The­ scorpion

Nadav Tamir February 2024
Op-eds

Prime Minister Benjamin Netanyahu knows that there are failures that cannot be explained. Like any failed leader, he seeks for somewhere to place the blame, and does everything in his power to divert it from himself, despite him being responsible for the greatest disaster in Israel’s history, and for the fact 134 captured Israelis are suffering untold daily horror in Gaza.

Netanyahu is like a scorpion, trying to sting whoever tries to help us. But whereas the scorpion acts against its own interests, Netanyahu, in his attempts to save his own skin, sacrifices the country’s interests for his own.

At the height of the war, Netanyahu directed his “poison machine” at the leaders of the defense establishment, blaming them for the prewar protests and accusing them of misconduct. He continues to incite this hatred by blaming Qatar, the International Red Cross, President Biden, and even the families of hostages.

“Qatar serves Hamas” is a statement made by Netanyahu to families of captives and which was allegedly leaked by him, before he repeated it at a press conference. Really? It was Israel, led by the same Netanyahu, who asked Qatar to use its influence with Hamas in order to create mechanisms to end repeated cycles of violence between Hamas and Israel. It was the same Netanyahu-led Israel that asked Qatar to supply the money that strengthened Hamas in Gaza. This means that if Qatar served Hamas, Netanyahu himself served Hamas. But he has no use for truth, only for his personal interests.

The essence of his policy is “the Palestinian Authority is a burden and Hamas is an asset”, as stated in 2015 by Netanyahu’s collaborator Bezalel Smotrich. In those words, he expressed the declared policy of several Netanyahu governments, which were designed to weaken the PA and strengthen Hamas. Israel executed the first half by itself and Qatar was recruited to do the rest. Now, when a hostage deal threatens his extremist government, he has no inhibitions in attacking that country, even while it is making huge efforts to bring the hostages home.
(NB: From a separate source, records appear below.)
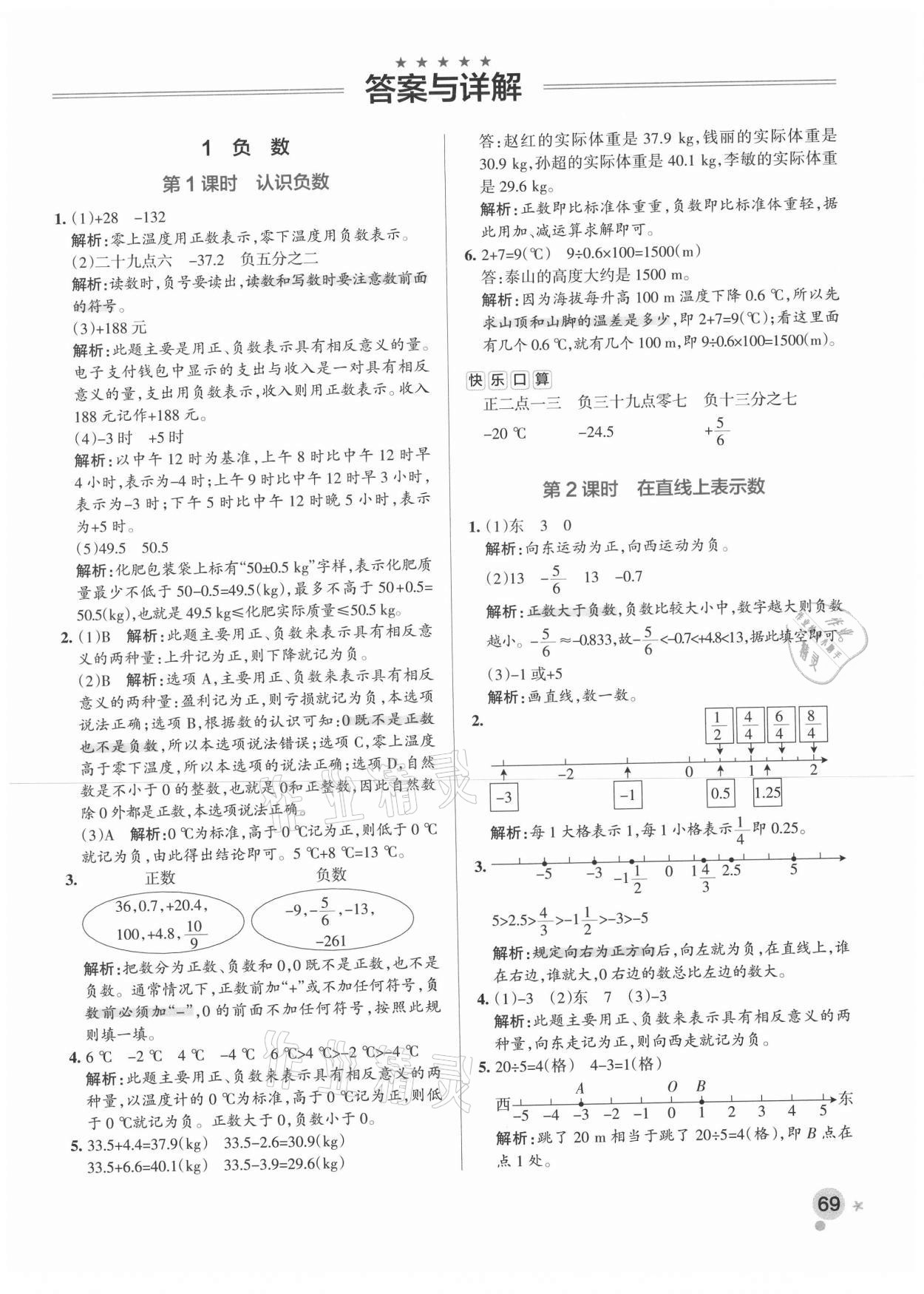 2021年小学学霸作业本六年级数学下册人教版 参考答案第1页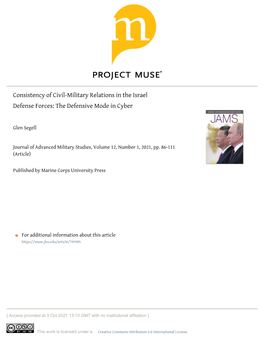Consistency of Civil-Military Relations in the Israel Defense Forces: the Defensive Mode in Cyber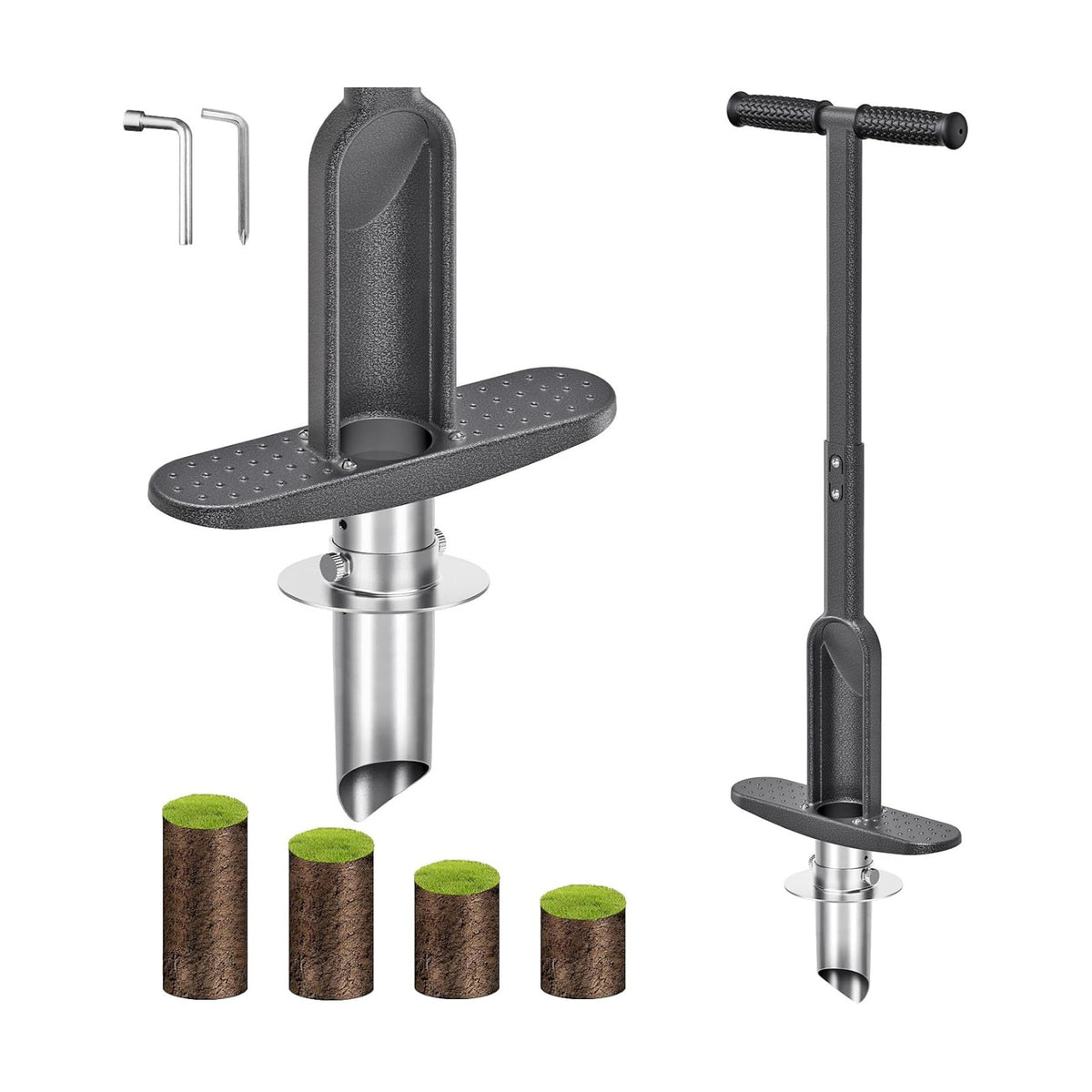 BeneLabel Grass Plugger Tool Lawn Plugger Tool Adjustable 3-6 Inch Digging Depth Long Handle Bulb Planter Tool Heavy Duty Sod Plug Cutter for Turf Repair, Bulb Planting, Seedling Transplant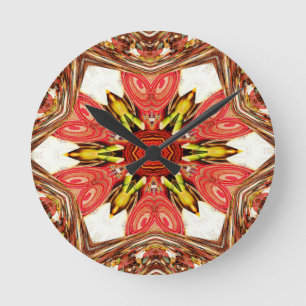 Relógio Redondo Flora de rabisco colorida coração estrela sem cost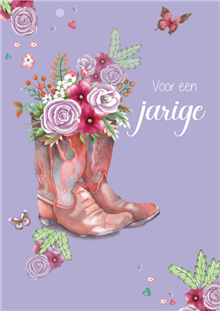 wenskaart Jarige en Laars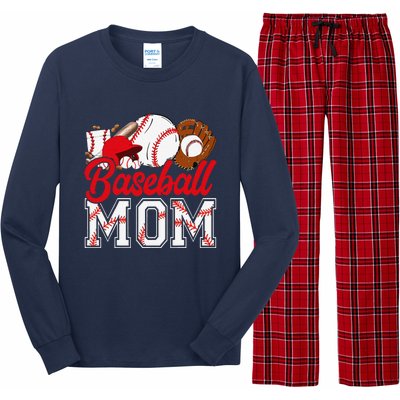 Retro Baseball Mom Mama Baseball Life Softball Life Game Day Long Sleeve Pajama Set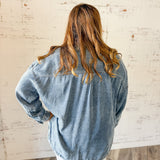 Acid Wash Denim Button Down Shirt Jacket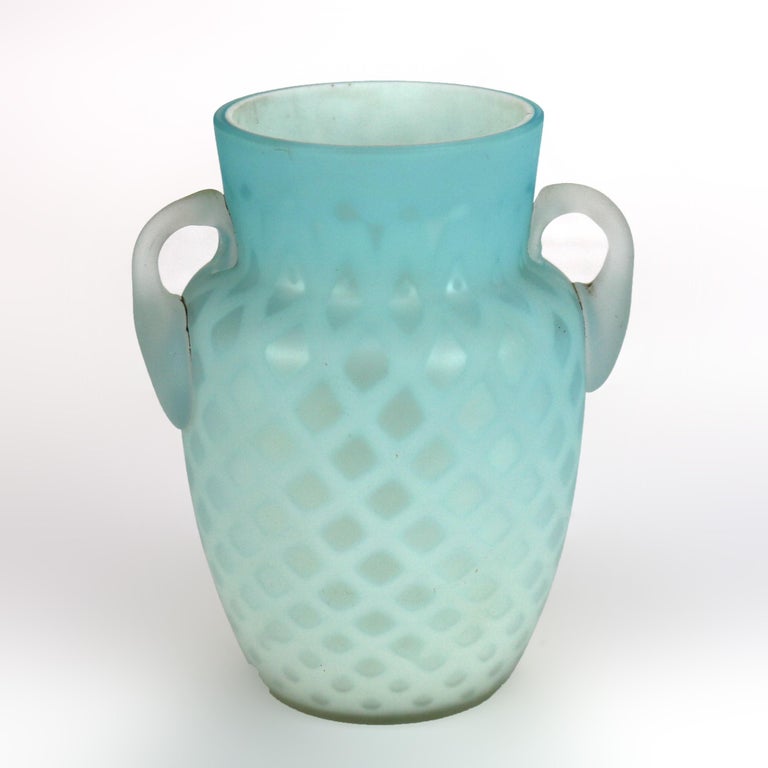 Antique Aqua Glass Double Handled Vase with Diamond Quilt Pattern C1890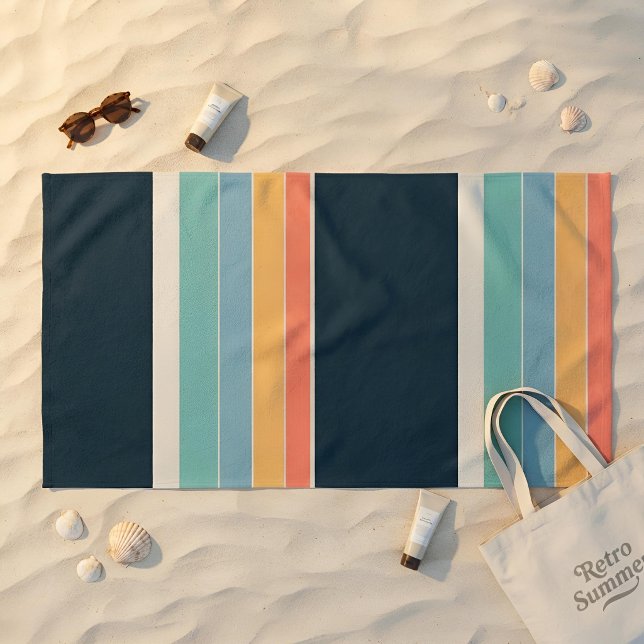 Navy Teal & Gold Retro Stripe 70s Modern Style Beach Towel (Creator Uploaded)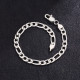 Simple Classic 6mm Stainless Steel Figaro Bracelet for Men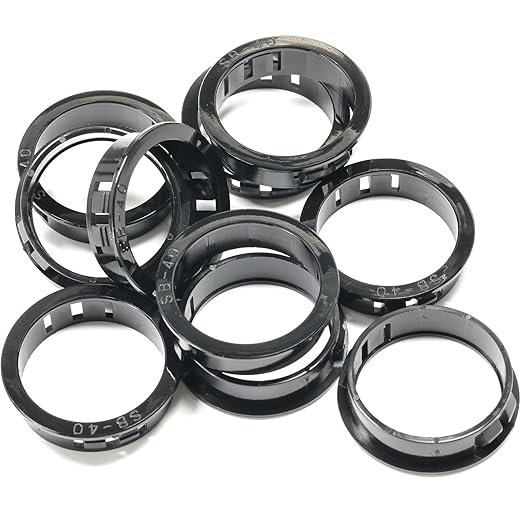 10 pcs Black Snap Bushing 1-9/16" (40 mm) Mounting Diameter, Plastic Cable Hole Grommets for Wiring, Round Nylon Snap in Locking Electrical Wire Cord Hose Tubing Bushings Grommets Protectors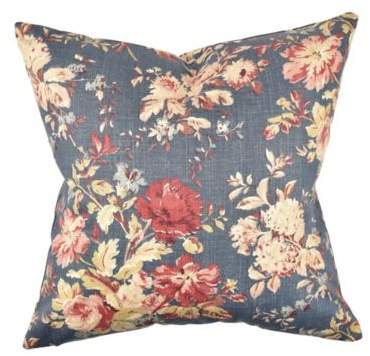 Vesper Lane Classical Floral Square Throw Pillow in Blue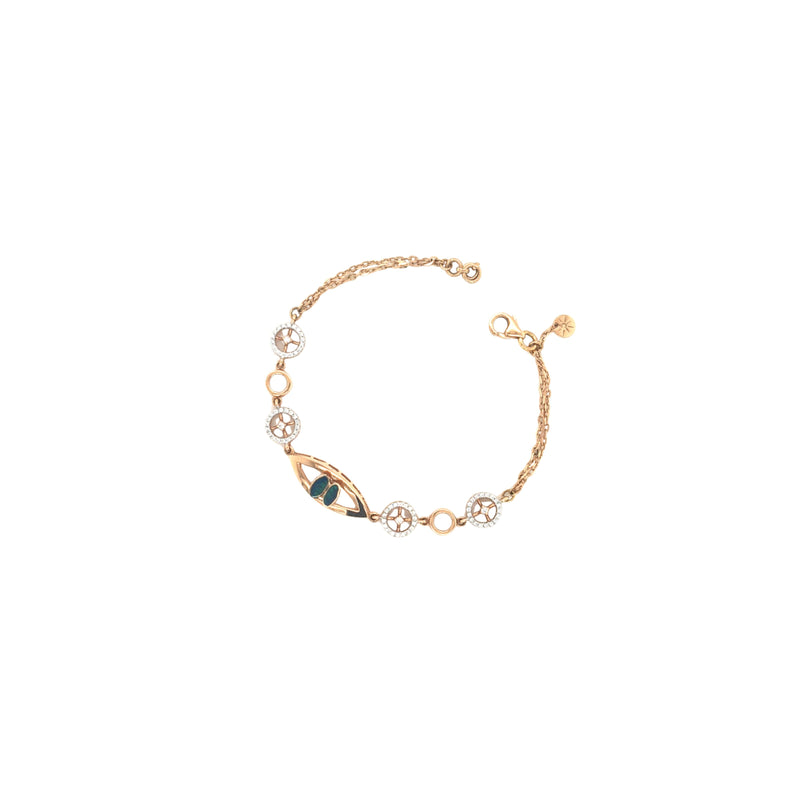 18KT Gold Bracelet for Women  Oval Leaf Centre Design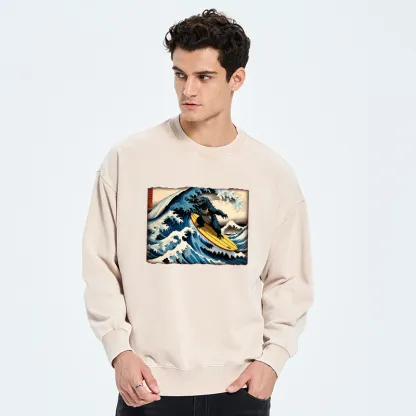 Tokyo-Tiger Dinosaur Surfing Japanese Washed Sweatshirt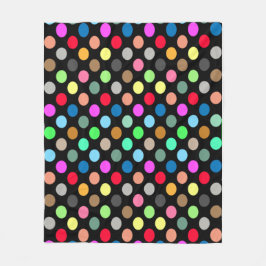 Colorful Polka Dots on Black Background - Seamless フリースブランケット
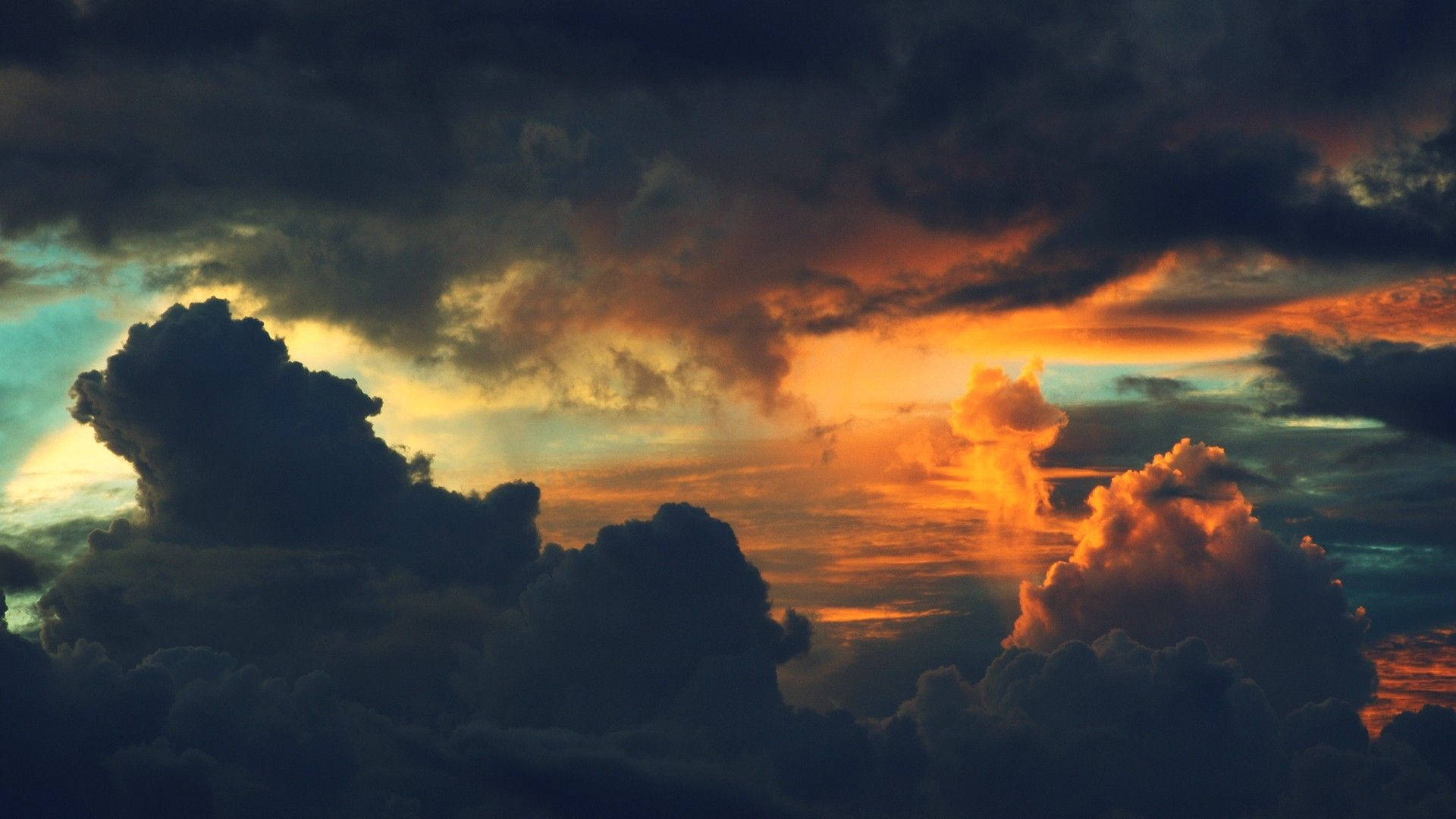 sunset, cloud, fiery orange, Full HD Desktop Wallpaper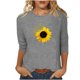 thumbnail image 1 of Camisetas Casuales de las Mujeres de Moda Impresa 3/4 Mangas Blusa Cuello Redondo para el Hogar Y Diario, 1 of 4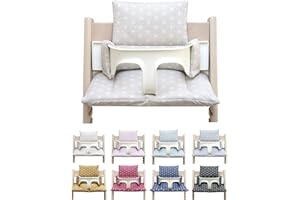 Blausberg Baby - Cojín set para Stokke Tripp Trapp Trona (REVESTIMIENTO) - materiales certificado Oeko-Tex Standard 100 - made in Alemania- Happy Star beige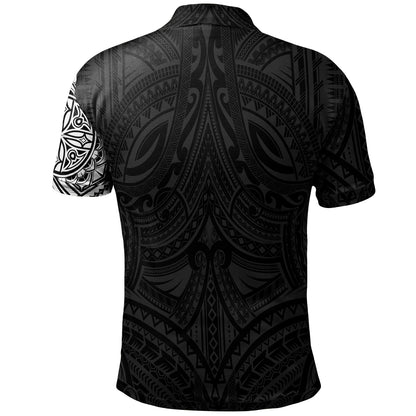 Polynesian Polo Shirt - Polynesian Flowers Tattoo Style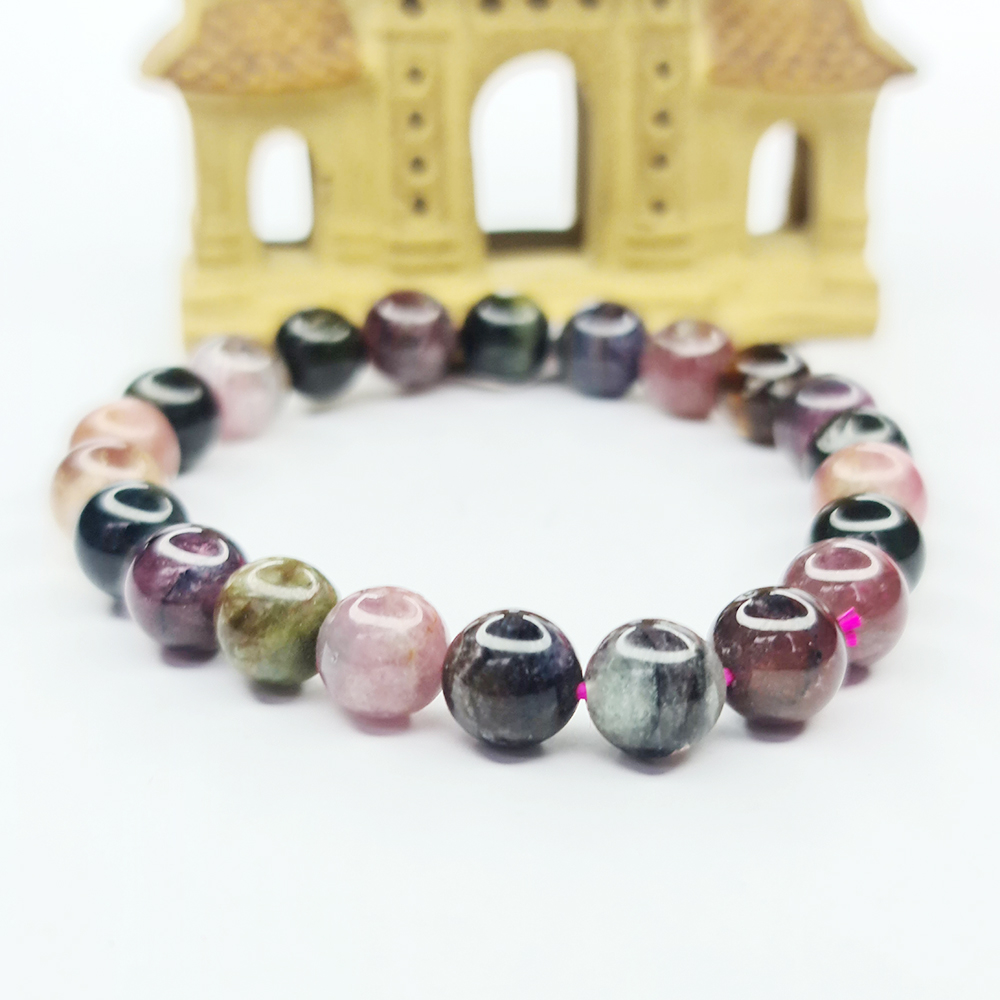 Vòng Tay Dạng Chuỗi Hạt Đá Tourmaline Đa Sắc - Mx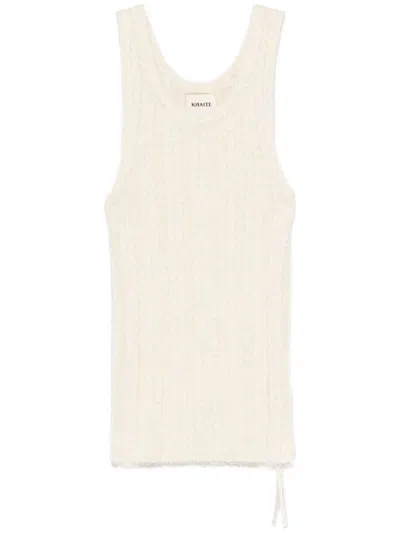 Khaite Ribbed Tank Top In Neutrals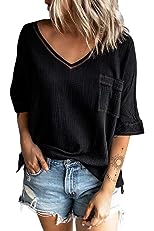 Womens 2023 Summer Spring 3/4 Sleeve V Neck Casual Loose Tunic Tops Blouses
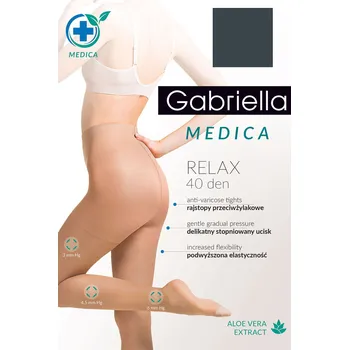 Dámské punčochy Gabriella Medica Relax 40 DEN Code 111 kolor:grafit 4-L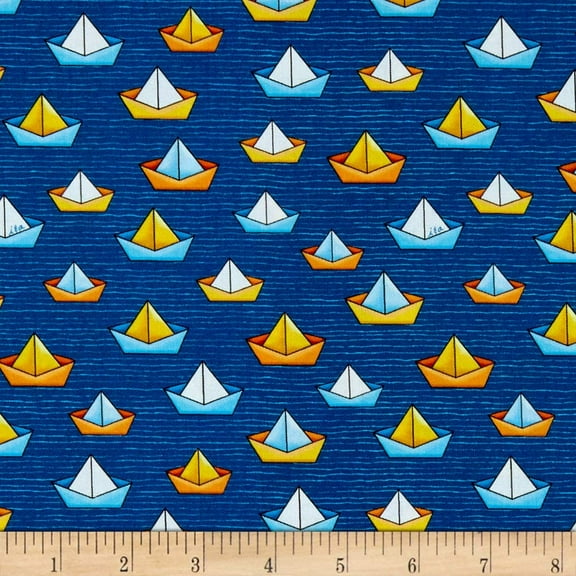 QT Fabrics Quackers Sailboats Cotton fabric by the Yard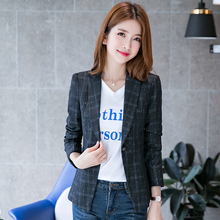 时尚格子小西装外套女装2018春秋季新款西装韩版长袖chic休闲西服图片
Thus, the Red Cross, whose people risked their lives by entering the Gaza Strip in order to rescue hostages, also became a target of his poisoned arrows. At a special Knesset meeting with families of hostages, Netanyahu said: “Several days ago, I met with the president of the Red Cross and gave her a box of medication which the hostages require. I told her ‘Take this to the Rafah Crossing’, but she declined”.

The פresident of the Red Cross, Mariana Spoljaric apparently did not understand that she was dealing with a prime minister who has no qualms about using an organization that risks its workers’ lives to help the hostages in an ugly publicity stunt. He knows full well that the Red Cross is not able to visit the hostages or supply them with medication without Hamas approval. He also knows that in order to be able to function in Gaza, Red Cross personnel cannot criticize Hamas or support Israeli hasbara, even if that is how they feel. Doing so would prevent them from fulfilling their humanitarian tasks. Netanyahu knows all that, but nevertheless resorts to it to gain another pathetic round of self-promotion. This behavior conflicts with Israel’s interests.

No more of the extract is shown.